Further articles carry on in the same vein 'Radio Five Live' the home of live stereotypes replays your average Alan Green commentary and an image or a fat turd sprang to mind almost immediately. 'Strike' lifts the lid, or should that be lifts the slimy stone, on a sinister organisation called the PFA. 'Keown Comes Clean' is the highly believable admission that Martin thought he could fly at the point of his inadvertent celebratory leap in the vicinity of Van Diver. 'Chelsea Await January Transfer Window' exclusively reveals their new team for the second half of the season. The FA react to criticism that their disciplinary procedures appear to be made up as they go along in 'FA Unveil New Kangaroo Court'. 'Thompcorde - End of an Era' is about Liverpool finally announcing the end of Supersonic travel, accompanying photos of the droop nosed wonder compliment the text. 'Footballing Ready Steady Cook' includes such fabulous dishes as Gerard Houllier's Wild Bore, Tenderised Asian Lamb by Leeds and Newcastle, and Peach Tart by Victoria Beckham the recipe for which is revealed as - Add one talentless tart to the tabloid gossip pages and there you have it.
'Rio Ferdinand My Heroes' include Ben Johnson, Timothy Leary, Diego Maradona, John Belushi and Keith Richards. 'Ask Doctor Keane' is a regular feature in which an esteemed lawyer with a Doctorate in law from Cork University answers some legal questions. A typical question comes from an S Campbell of Hampstead: Dear Doctor Keane, Have I got a chance if I appeal against my £20,000 for kicking Djemba-Djemba in retaliation? After all Rufus Brevett punched a player, barged over a policeman and only got a £1,000 fine. To which Keano answers; Not a snowball in hell.
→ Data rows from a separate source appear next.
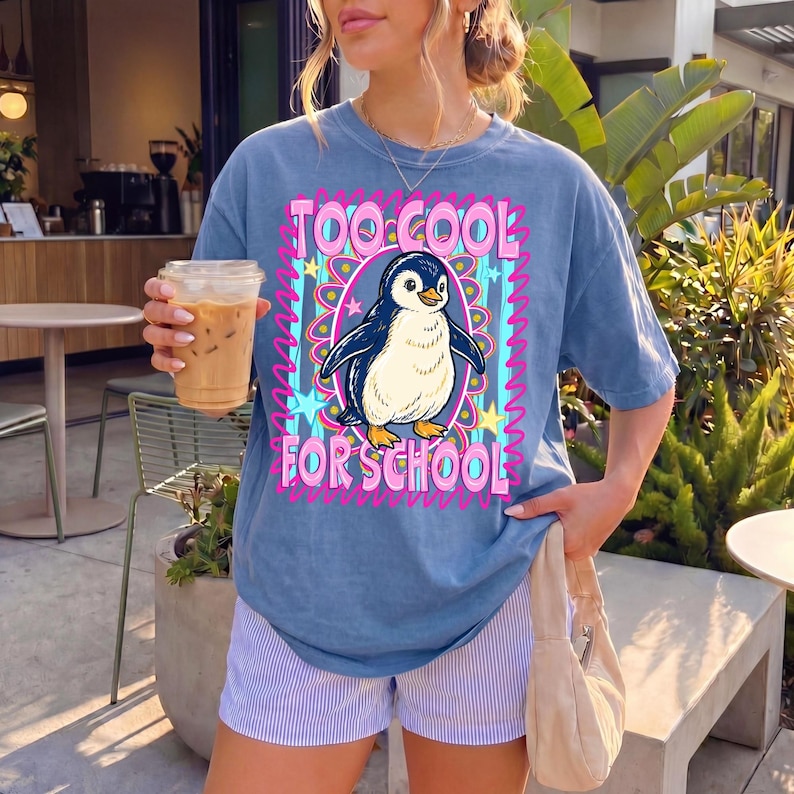 K&ouml;nnte beinhalten: Blaues T-Shirt mit einem Pinguin-Motiv in einem rosa und blauen Rahmen. Der Text "TOO COOL FOR SCHOOL" ist zu sehen. Das Shirt wird mit gestreiften Shorts getragen.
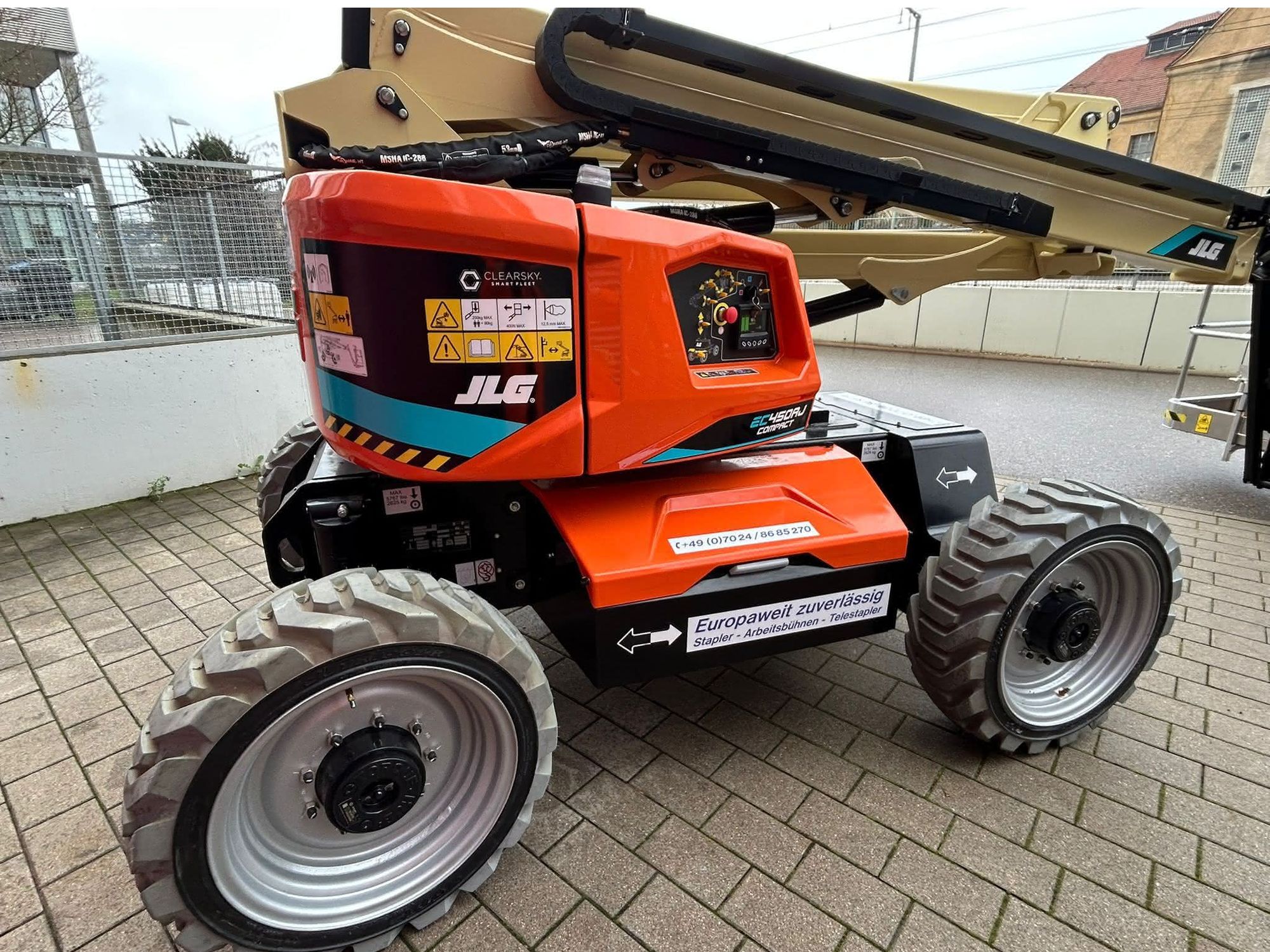 Eine neue elektrische Arbeitsbühne in roter Lackierung und im eingeklappten Zustand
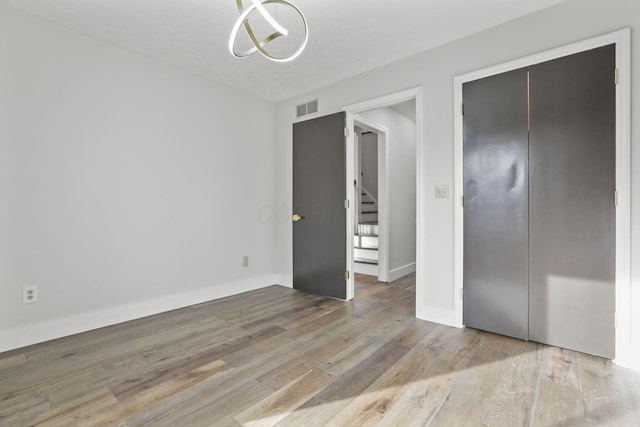 unfurnished bedroom featuring baseboards, a closet, visible vents, and wood finished floors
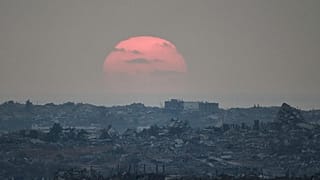 O sol põe-se atrás de edifícios destruídos durante as operações terrestres e aéreas israelitas no norte da Faixa de Gaza, visto do sul de Israel, 8 de agosto de 2025.
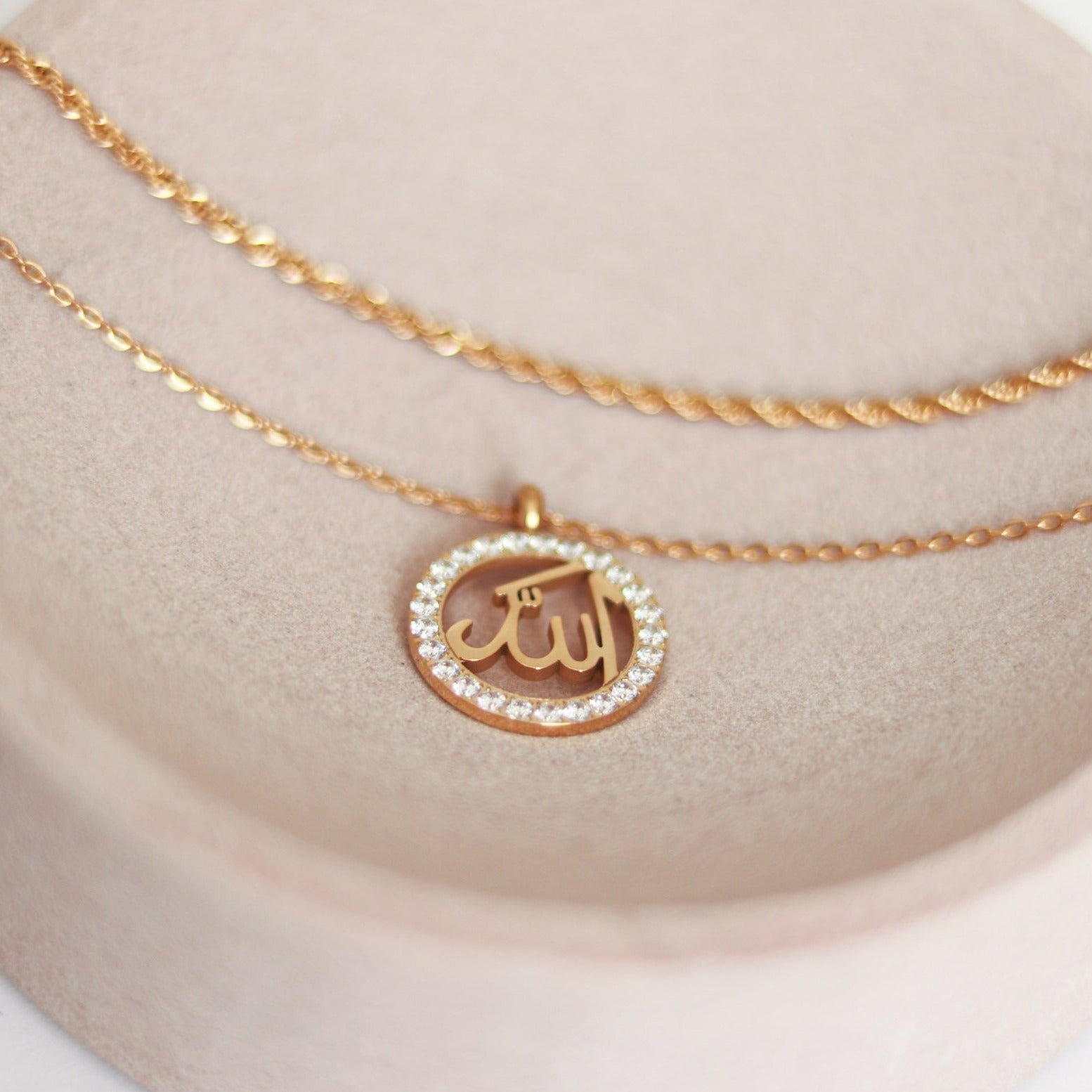 Halskette mit rundem Anhänger und der Aufschrift auf arabisch "Allah". Das Wort "Allah" ist mit funkelnden weißen Zirkoniakristallen umrandet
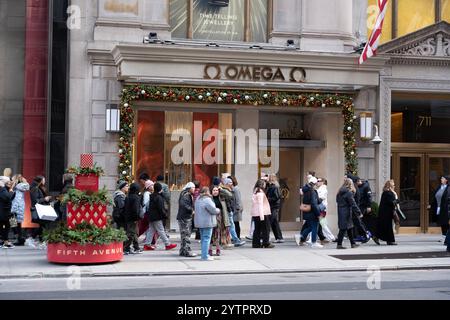 Les gens marchant le long de la 5ème Avenue ont passé le magasin Omnega le Black Friday, le début officiel de la saison des achats de vacances à New York. Banque D'Images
Serves your lot f*ckin right.
‘Arsenal's Ticket Price Increases Explained' points the finger at Keith Endelman's vastly inflated salary of £460,000. A two page spread on the old comic strip cartoon ‘Dan Daren't' is another regular feature and in this issue features Daniel Levy Daren't who is having doubts about Captain Hoddle, who as it happens inadvertently blows himself up. ‘Rohypnol to Sponsor Newcastle?' precedes a ‘You ask the Star' page where in this latest issue Van Diver answers questions. Hardly surprisingly he responded to the ‘what's your favourite movie' question with Titanic and went on to say how moving and inspirational it was when the boat went down.
The letters page is another regular feature and this is followed by ‘FA Too Lenient on Gunners' in which Sir Alex Ferguson suggests some all together fairer punishment including Martin to be hung, drawn and quartered as pre-match entertainment in our next match at Old Trafford. ‘Chelsea Drag Shocker' explains how Eidur Gudjohnsen is attempting to curry favour with Abramovich by dressing up as a woman.
The inside back cover includes a Tottenham word search, some more United rhyming slang, but I'll leave you with one of UTA's ‘Football Nursery Rhymes'
Wee Willie Pleatie
Kerb Crawling through the town
Back streets and Kings Cross
In his night gown
Rapping at the windows
Crying through the locks
‘How much for a quickie love?
And can I wear my socks?'
As you just might have gathered this is a somewhat less than reverential fanzine with no absolutely no pretensions and no ambitions other than the thoroughly worthwhile pursuit of taking the piss out of Tottenham and all the other low-lifes. This type of humour obviously doesn't appeal to everyone but I've always found the mag to contain sufficient laughs to be worthy of the effort of stopping to buy one from one of the many fanzine sellers on my way to a home game.